If my words are no longer driven by a fierce need to spew out my insides; if I no longer feel the ardent push and pull or life or death at every corner; if my goals are being met with relative ease and my problems are seemingly trivial; if my perspective is skewed by unprecedented happiness, then what do I offer as a writer? Are my words therefore empty? Or are the sheer rhyme and rhythm, syncopation of inspiration with ability, life blood via letters, etc. enough to grant me approval into highly-esteemed literary company?

I don't know, but I'm willing to try my damnedest at my craft and see what happens.

It's unnerving, this latest change. Not just about writing, but about possession. Nothing stirs my spirit more than what's mine, and I'm claiming less and less as my own.

I know that there are certain labels that are inherently mine by no choice of my own, and that these labels carry with them certain baggage of ascribed identity: I am most definitely Asian, and a New Yorker, and Filipina-American, and a woman. But while I can get pretty damn riled up about my personal identity and how it relates to these labels and the many misconceptions of these labels, I don't really feel attached to any of them. Call it being "post": post-racism, post-feminist, post-labels, etc. (That seems to be the popular term.) I just know that I most identify with the labels that I've achieved, the roles that I've taken on by choice and not by birth: as mom, and writer, and student, and traveler. These are the roles that really interest me, the ones that really drive me to do well in life, the ones that speak to me. And while I love that fact, I must also concede that it means (for the most part) shying away from the front lines of controversy.

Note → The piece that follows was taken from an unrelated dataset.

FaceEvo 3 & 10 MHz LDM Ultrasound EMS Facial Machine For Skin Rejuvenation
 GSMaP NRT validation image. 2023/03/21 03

I no longer feel the need to take up arms, or to shout my criticisms of the world from rooftops, or to personify the big statement (aka the easy target). I simply no longer gravitate towards all of the drama of impersonal debate. Only the truly personal stuff is up for study, and only then by people I deem worthy.

So where does this all lead me? My blog? My writing?

For now, I think I'm going to keep on churning out my words, my perspective, my opinions, and my experiences, regardless of their decidedly more lame and static texture. I'm attempting to finish novels that I started a decade or so ago - if only because I see in them seeds of truth and creativity that I believe deserve to be read.

And the other projects - the ones that started to bud only recently - well, I'm giving them the attention they deserve and I have faith that they'll take me where I ought to go.

That's the trend these days. The shift. The unmistakable difference in my personality and my life: not just a faith in my self, but also an unflinching faith in the world. It is this alteration in my perspective that puts me so dangerously close to a conservative way of thinking (i.e., "Everything is as it should be, and therefore change is unnecessary.") But that's a subject for another post.